A bit similar in tone to the opening in Jurassic Park, with the caged Raptor, but that movie pulled it off better.

For my purposes, I thought Jurassic World was completely forgettable and shrug-worthy.

Keep in mind that Zara was supposed to have more screen time and a better story. It’s hinted at in the movie as-is, but she was originally supposed to have a subplot with her fiance on the phone in which she goes bridezilla on him. I guess that was supposed to make her death okay?

“It was the first time a woman was going to die in a Jurassic Park movie. We’re an equal opportunities bunch of murderers! So we felt, ‘Alright, let’s make it the most spectacular death we can possibly imagine - let’s involve multiple animals from sea and air…’ I love this moment so much. We’re playing on the audience’s expectation and jadedness. You drop her in the water and immediately everyone goes, ‘Oooh, I know what’s going to happen.’ But you don’t. Then the ‘birds’ start coming in and you get distracted by that and suddenly [it] happens. I knew I’d be accused of killing the Brit! Well, Katie’s Irish so she had no problem with it. But we definitely struggled over how much to allow her to earn her death, and ultimately it wasn’t because she was British, it was because she was a bridezilla. She has one line about the bachelor party: ‘Oh, all his friends are animals.’ In the end, the earned death in these movies has become a bit standard and another thing I wanted to subvert. ‘How can we surprise people? Let’s have someone die who just doesn’t deserve to die at all.’”

Uh…okay Colin.

Any predator movie worth its salt should have creatures that exist outside any moral or tonal framework. That’s why predators are so scary. We don’t relate to the predator/prey relationship. It’s senseless and horrifying to us. It doesn’t fit neatly into adventure stories. At least not adventure stories outside the context of 70s cinema. Jaws opened with a woman being killed. A 14-year-old dies shortly thereafter. The gruff experienced heroic captain dies the most gruesomely*. Granted, he’s part Ahab. But remember that Hooper was supposed to die as well. Because predators just eat with no regard for whom they’re eating. It’s the stuff of horror that has to be tamed to be safely inserted into an adventure. Which Spielberg will do handily as he gets more commercially successful.

So as a fairly tame PG-13 or below series in a post-70s movie industry, the Jurassic Parks mostly apply a moral and tonal framework. None of the lead characters die. Kids never get killed. Women don’t die. The bad guys get theirs in the end, and it’s particularly gruesome because They Deserved It ™. So when a good guy does die, it’s jarring! Richard Schiff getting torn apart is, to my mind, the height of Jurassic Park’s representation of dinosaurs. It will be all downhill from there.
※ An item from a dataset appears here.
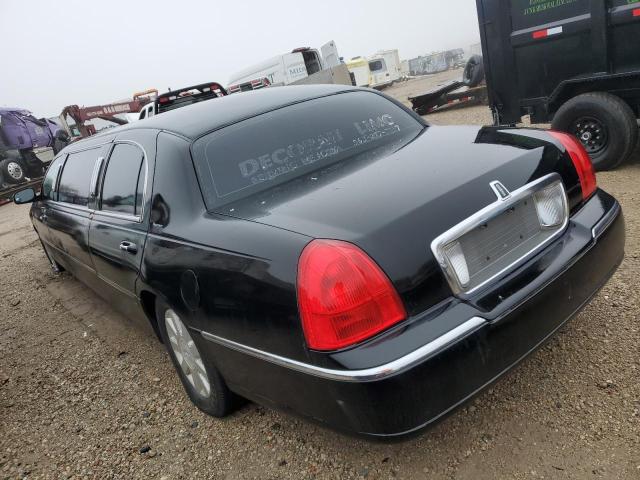 1L1FM81W33Y653215 - 2003 LINCOLN TOWN CAR EXECUTIVE Schwarz Foto 3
That’s why it was a bit weird that Colin “Safety Not Guaranteed” Trevorrow chucked some hapless nanny so brutally to her death with such elaborately staged choreography. Frankly, as a horror fan who wants my predators – and especially cool ones like dinosaurs! – to be scary, I loved that scene. Loved it! But the fact that we’re discussing it just goes to show how how tame the Jurassic Park universe has become and ham-handed Trevorrow is as a storyteller. Which doesn’t bode well for his Star Wars movie. Unless he gets a great script and straightjackets himself into a do-no-harm approach, my expectations are pretty low. :(

-Tom

  • You see a touch of this in Jurassic Park when the hunter dude gets waylaid by raptors, but it seems to me that scene exists to boost the raptor’s scary factor rather than to create a universe in which heroes can die. I guess Sam Jackson dies offscreen as well, but such is the fate of disposable technicians. Once Jake Johnson comes along, those sorts of speaking parts will be off limits to any hungry predators!